2. Membuat Rollover Image

Macromedia Dreamweaver selain menyediakan tool untuk membuat Pop up Menu juga menyediakan tool untuk membuat Rollover Image sebagai tombol. Yang harus Anda lakukan pertama kali adalah menyediakan dua buah gambar yang ukurannya sama tapi warnanya berbeda.
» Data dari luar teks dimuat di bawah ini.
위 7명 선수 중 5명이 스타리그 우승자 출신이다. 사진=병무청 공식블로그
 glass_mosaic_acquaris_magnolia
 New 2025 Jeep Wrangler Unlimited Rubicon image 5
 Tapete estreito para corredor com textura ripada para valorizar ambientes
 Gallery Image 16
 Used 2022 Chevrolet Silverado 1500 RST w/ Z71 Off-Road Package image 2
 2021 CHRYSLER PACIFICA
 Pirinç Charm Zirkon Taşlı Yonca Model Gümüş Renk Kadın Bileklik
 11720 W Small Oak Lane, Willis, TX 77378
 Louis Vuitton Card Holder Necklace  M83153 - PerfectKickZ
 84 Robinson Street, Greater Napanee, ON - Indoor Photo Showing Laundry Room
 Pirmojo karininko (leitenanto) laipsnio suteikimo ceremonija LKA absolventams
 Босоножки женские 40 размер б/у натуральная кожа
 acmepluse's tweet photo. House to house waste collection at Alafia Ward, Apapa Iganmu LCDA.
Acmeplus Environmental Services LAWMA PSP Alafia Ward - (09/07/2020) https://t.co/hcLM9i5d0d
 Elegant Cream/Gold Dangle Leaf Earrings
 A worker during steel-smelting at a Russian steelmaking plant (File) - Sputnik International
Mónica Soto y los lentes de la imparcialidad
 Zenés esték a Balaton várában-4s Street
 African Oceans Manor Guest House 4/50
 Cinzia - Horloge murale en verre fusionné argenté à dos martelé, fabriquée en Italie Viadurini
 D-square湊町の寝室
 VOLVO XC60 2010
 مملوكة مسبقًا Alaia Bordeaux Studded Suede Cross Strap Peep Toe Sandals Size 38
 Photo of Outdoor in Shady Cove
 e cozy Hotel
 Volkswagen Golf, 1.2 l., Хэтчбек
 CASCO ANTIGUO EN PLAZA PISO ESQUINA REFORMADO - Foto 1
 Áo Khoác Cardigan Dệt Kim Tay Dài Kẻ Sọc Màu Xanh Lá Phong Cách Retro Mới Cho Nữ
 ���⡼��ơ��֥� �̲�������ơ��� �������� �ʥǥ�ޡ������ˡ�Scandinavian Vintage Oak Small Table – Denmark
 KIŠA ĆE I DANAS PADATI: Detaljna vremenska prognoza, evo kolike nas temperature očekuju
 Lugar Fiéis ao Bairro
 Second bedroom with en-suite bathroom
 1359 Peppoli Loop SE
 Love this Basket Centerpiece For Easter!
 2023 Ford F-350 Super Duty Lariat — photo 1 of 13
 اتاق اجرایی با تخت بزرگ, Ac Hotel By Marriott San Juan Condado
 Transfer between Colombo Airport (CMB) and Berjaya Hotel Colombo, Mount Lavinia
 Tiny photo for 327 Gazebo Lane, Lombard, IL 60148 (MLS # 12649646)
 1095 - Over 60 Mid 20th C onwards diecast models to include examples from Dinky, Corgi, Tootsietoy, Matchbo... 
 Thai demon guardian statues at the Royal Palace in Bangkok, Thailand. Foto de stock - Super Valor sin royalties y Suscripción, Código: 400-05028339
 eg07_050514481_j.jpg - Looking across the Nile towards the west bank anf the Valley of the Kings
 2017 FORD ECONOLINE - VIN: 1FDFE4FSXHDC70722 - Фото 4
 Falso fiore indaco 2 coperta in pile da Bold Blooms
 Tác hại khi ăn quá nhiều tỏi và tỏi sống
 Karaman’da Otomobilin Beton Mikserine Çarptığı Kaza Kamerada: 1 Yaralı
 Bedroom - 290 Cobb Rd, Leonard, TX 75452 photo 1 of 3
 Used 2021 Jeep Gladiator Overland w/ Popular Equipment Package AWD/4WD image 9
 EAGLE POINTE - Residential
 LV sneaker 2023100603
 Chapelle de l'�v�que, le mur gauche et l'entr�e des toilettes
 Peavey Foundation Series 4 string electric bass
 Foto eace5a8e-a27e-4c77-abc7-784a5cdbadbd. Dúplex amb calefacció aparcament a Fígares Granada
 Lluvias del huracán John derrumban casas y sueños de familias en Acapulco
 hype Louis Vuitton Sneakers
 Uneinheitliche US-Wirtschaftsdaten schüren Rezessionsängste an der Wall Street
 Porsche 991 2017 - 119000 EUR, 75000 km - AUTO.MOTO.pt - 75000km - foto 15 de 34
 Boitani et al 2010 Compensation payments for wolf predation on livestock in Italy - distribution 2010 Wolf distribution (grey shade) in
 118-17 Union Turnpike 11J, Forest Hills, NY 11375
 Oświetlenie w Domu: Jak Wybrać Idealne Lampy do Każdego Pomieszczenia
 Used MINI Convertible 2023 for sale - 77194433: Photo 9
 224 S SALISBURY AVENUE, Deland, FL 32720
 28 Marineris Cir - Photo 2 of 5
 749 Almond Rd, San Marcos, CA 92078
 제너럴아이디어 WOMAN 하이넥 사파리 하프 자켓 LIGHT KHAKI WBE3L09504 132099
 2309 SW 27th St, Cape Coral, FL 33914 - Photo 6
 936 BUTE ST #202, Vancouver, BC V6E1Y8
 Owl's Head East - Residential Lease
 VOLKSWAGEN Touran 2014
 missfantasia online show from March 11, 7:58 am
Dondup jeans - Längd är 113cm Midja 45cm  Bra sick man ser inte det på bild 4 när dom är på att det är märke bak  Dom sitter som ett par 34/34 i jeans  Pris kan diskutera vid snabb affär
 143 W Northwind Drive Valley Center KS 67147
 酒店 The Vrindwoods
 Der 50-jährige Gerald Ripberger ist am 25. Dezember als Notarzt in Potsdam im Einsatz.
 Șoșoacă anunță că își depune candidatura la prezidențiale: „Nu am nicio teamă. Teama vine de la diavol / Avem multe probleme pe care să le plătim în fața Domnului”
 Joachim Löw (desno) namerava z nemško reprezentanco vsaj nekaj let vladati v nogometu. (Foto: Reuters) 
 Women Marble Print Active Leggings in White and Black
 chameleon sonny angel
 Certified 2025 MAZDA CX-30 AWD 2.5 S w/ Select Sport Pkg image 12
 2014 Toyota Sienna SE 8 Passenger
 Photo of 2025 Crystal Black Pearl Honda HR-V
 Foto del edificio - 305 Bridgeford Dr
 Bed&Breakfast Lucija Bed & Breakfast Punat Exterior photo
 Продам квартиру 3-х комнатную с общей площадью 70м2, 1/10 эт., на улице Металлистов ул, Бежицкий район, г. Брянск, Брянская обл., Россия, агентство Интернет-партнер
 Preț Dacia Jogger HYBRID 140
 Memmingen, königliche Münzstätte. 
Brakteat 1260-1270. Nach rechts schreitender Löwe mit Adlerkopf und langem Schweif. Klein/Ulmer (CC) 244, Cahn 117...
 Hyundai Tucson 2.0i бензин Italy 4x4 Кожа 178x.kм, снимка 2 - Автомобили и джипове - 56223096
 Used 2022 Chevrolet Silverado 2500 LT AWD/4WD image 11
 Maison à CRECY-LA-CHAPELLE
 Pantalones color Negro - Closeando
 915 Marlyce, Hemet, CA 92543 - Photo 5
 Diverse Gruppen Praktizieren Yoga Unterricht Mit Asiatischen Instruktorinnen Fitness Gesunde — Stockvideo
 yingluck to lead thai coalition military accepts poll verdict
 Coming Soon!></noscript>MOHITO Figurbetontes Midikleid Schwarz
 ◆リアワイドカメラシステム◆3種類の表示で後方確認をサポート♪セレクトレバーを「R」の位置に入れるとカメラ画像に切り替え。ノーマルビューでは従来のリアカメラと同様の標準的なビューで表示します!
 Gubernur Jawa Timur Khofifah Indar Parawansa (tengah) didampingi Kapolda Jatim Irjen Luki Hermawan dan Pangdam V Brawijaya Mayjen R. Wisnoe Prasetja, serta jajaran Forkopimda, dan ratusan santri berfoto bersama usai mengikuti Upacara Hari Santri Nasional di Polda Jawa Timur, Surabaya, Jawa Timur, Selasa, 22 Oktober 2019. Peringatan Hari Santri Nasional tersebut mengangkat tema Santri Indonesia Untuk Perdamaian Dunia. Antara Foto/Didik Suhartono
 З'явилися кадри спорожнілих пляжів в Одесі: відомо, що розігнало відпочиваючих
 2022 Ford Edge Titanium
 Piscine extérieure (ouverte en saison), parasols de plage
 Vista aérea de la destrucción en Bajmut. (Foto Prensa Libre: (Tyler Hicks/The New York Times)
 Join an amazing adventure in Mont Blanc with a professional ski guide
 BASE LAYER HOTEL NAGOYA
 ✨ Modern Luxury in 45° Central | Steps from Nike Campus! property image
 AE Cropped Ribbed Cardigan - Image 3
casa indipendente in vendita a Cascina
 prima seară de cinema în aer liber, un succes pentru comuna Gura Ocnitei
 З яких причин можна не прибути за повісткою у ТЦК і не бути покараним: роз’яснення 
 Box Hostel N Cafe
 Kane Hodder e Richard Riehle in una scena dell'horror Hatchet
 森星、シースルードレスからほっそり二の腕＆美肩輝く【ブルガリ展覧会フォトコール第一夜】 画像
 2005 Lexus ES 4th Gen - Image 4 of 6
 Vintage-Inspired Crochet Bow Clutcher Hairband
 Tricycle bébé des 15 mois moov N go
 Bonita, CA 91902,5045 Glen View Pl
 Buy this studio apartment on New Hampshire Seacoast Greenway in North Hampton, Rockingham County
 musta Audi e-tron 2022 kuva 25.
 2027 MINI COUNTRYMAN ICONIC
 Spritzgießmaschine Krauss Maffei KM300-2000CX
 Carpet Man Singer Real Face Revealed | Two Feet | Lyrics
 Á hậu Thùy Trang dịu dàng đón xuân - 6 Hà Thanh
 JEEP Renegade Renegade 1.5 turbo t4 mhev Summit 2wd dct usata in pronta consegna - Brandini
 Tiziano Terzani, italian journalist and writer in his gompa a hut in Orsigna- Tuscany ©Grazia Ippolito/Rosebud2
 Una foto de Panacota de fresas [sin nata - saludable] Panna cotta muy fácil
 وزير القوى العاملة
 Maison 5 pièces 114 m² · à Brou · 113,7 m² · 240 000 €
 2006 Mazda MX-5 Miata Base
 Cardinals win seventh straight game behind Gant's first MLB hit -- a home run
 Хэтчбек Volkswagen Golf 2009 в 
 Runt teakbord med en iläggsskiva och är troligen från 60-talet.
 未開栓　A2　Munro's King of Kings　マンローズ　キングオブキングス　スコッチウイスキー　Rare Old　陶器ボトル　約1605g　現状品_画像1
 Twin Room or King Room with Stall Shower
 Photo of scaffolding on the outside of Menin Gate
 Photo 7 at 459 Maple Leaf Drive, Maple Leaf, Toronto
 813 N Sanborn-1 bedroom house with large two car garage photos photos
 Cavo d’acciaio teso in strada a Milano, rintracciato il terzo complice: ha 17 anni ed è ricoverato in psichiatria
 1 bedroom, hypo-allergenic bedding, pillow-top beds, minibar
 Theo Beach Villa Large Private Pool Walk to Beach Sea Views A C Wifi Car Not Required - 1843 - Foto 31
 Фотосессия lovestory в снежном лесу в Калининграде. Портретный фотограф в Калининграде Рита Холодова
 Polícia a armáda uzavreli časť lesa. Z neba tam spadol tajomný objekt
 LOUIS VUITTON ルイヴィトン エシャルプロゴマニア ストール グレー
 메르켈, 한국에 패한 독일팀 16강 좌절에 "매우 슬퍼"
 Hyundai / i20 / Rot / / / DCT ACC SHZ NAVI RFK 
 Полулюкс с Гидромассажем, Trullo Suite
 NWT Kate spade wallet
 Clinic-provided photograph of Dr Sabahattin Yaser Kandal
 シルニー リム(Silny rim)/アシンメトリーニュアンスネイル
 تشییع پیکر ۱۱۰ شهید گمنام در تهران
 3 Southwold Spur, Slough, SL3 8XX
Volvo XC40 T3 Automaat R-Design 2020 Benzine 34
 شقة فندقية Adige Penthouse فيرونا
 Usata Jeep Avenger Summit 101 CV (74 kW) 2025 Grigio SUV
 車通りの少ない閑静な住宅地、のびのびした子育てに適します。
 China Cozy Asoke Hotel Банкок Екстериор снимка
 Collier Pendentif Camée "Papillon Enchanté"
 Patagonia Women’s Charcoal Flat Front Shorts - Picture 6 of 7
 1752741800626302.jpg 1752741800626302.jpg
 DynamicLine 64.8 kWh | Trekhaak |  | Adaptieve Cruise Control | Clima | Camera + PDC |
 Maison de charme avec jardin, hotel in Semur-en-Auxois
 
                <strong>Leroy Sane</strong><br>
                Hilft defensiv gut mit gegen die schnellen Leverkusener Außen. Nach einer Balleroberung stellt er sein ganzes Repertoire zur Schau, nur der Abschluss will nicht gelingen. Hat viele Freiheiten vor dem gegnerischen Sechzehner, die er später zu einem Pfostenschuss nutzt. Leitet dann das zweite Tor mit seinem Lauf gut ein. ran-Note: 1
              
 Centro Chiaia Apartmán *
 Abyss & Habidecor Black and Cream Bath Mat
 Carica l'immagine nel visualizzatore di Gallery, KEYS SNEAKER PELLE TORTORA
  1. Buatlah duplikasi gambar tombol yang telah ada.
    dreamweaver_41.gif

  2. Kemudian editlah file hasil duplikasi tersebut menggunakan Adobe Photoshop. Pilih menu Image > Adjustment > Hue/Saturation.
    dreamweaver_42.gif

  3. Setelah muncul kotak dialog Hue/Saturation, aktifkan pilihan Colorize. Kemudian geser Slider Hue maupun Saturation sesuai kebutuhan. Setelah selesai klik OK, simpan dokumen tersebut dengan cara menekan Ctrl+S.
    dreamweaver_43.gif

  4. Sekarang kembali ke Macromedia Dreamweaver. Klik gambar About Us.
    dreamweaver_44.gif

  5. Hapuslah objek tersebut dengan cara menekan tombol Del. Selanjutnya pilih menu Insert > Image Objects > Rollover Image.
    dreamweaver_45.gif

  6. Setelah muncul kotak dialog Insert Rollover Image, berilah nama gambar pada kolom Image name kemudian tentukan gambar asli pada kolom Original Image. Untuk mempermudah pencarian file, klik tombol Browse. Tentukan pula file untuk gambar rollover pada kolom Rollover Image.
    dreamweaver_46.gif

  7. Masukkan teks alternat pada kolom Alt, lalu tentukan nama file sebagai link ketika tombol tersebut di klik.
    dreamweaver_47.gif

  8. Untuk melihat hasilnya, tekan tombol F12.